И вот проходит год, прежнюю Оделину Блант не узнать, она уже не блистает на сцене, а откровенно скучает в богато обставленном доме, пока муж развлекается в мужском клубе. Нет и следа от былого лоска и провокативности во внешнем виде, она одета как типичная горожанка из патриархальной среды — то ли жена, то ли мать. Разбавляет эту «семейную» унылость подружка из театра, которая пришла навестить Оделину и спросить, почему та забыла дорогу в свою альма-матер. Женщины вместе отправляются прогуляться до театра, заходят в балетные классы, где обучаются дети и выпускницей которых, очевидно, является и сама Оделина. Пообщавшись с коллегами и директором театра, героиня возвращается домой и начинает тосковать по былому. Она достает с антресолей коробки со сценическими костюмами, начинает все примерять и, переодевшись в мужской костюм, кружится перед зеркалом. В таком виде ее застает граф и в крайнем недовольстве просит прекратить это безобразие, ведь она обещала навсегда забыть про сцену. И героиня готова послушаться мужа, но в театре произошел непредвиденный случай, и директор просит Оделину на один вечер подменить приму. Женщина, разрываясь между обещанием, данным мужу, и таким соблазнительным предложением директора, выбирает второе, но при условии, что муж никогда не узнает о ее легкомысленной выходке.

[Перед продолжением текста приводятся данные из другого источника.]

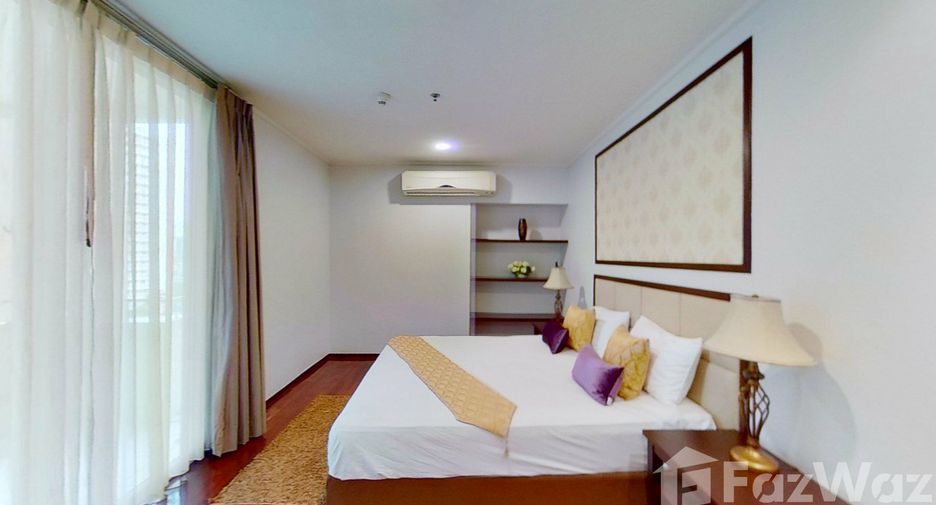 For rent 4 bedrooms condo in Watthana, Bangkok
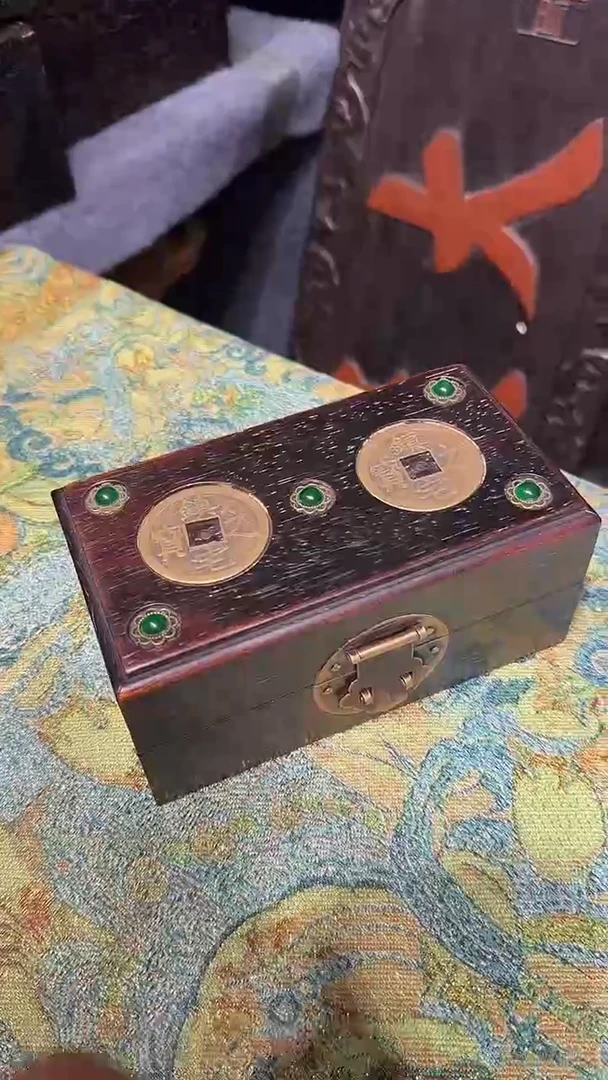 贡木紫檀首饰盒铜牌1111111111111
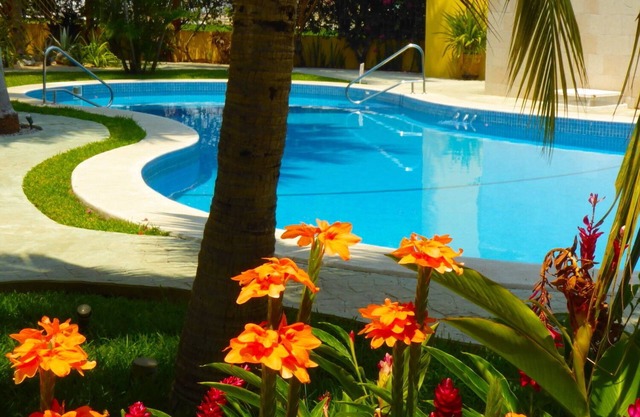 Santa Cruz, Huatulco - Stylish & Cozy Condo, Minutes From The Beach & Marina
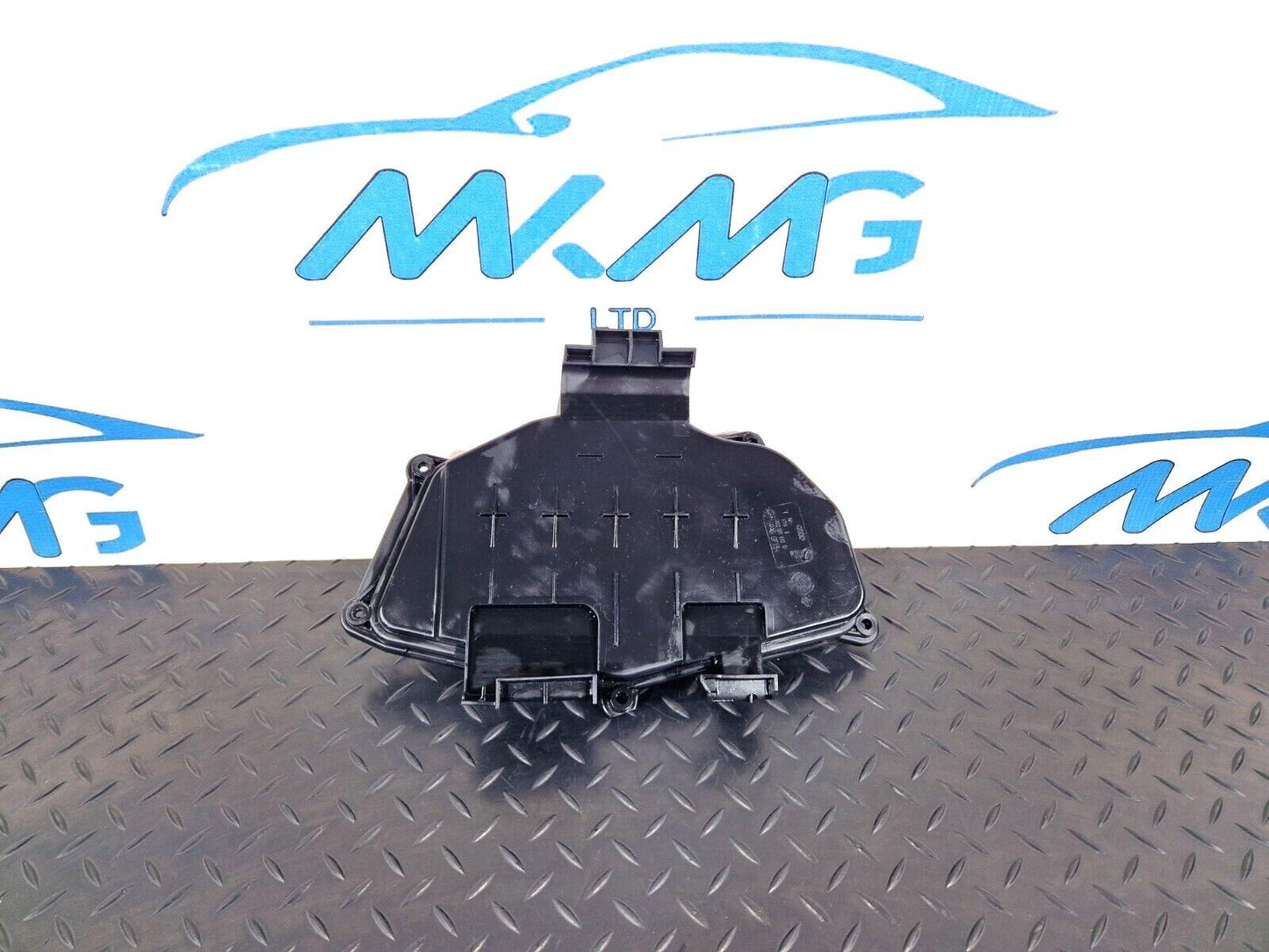 12-18 AUDI A6 C7 GENUINE HOUSING FOR CONTROL UNITS 4G2907613B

Оделина, рассказав мужу легенду о приболевшей тете, бежит в театр, а муж, не желая вечер томиться дома от одиночества, собирается на тот же самый спектакль. Граф любуется на артистичного «юношу» с мандолиной на сцене, а когда тот срывает маску, в ужасе узнает в «юноше» свою жену. Граф чувствует себя преданным не потому, что застал жену в объятиях любовника, а потому, что она нарушила обещание и вернулась на сцену. При этом, подчеркну, в фильме практически отсутствуют сцены любви между графом и Оделиной, то есть речь идет не о личном предательстве, а о предательстве ценностям традиционного мира, к которым бывшая танцовщица стала сопричастна. При этом сама история разворачивается как комедия положений. Ревнивый муж вызывает обидчика-директора на дуэль, директор совершенно не собирается стреляться, все его помыслы только о театре, при этом у директора есть дядя-фармацевт, которого племянник из‐за своей занятости все время игнорирует. Этот дядя хоть и обидчивый человек, но с чувством юмора и выдумкой, поэтому, проучив племянника за его невнимательность к старшему родственнику, предлагает в качестве дуэльного оружия выбрать «смертельные» таблетки, подменив их просто на сонные. Оделина просит директора пощадить ее мужа и горюет оттого, что поддалась соблазну и вернулась на сцену. История постепенно приобретает черты водевиля и фарса. Очнувшись от «смертельной» таблетки у себя дома, Круассе читает записку директора о том, что граф несправедливо подозревает жену в измене и что его жена может засвидетельствовать невиновность Оделины. То, что конфликт изначально возник из‐за возвращения Оделины на сцену, мягко опускается, и зритель может наблюдать абсолютный хеппи-энд, визуально решенный в виде виньетки: силуэты графа и Оделины целуются на фоне идиллической лужайки, знаменуя победу семейных ценностей над превратностями театральной сцены.
Этот фильм можно рассматривать как пример «соглашательских идей», о которых говорил Ж. Садуль, когда в картине заявляется образ новой женщины, пугающий своей агрессивностью по отношению к традиционным ценностям, при этом он упаковывается в типичную салонную мелодраму с романтическим, фактически бестелесным поцелуем в финале. И это не единичный случай в раннем датском кинематографе попытки исправить в финале поломку или сбой в традиционной системе — перевоспитать «балерину», «вампирку», «суфражистку» или просто самостоятельную женщину, фактически все фильмы цикла «белого рабства» об этом. Любопытно, что в России выйдет фильм с похожим сюжетом — «Любовь статского советника» Петра Чардынина в 1915 году, но там танцовщица в финале покинет опостылевшего мужа и будет победоносно выступать в балетной пачке на сцене, вводя в шок мирных граждан.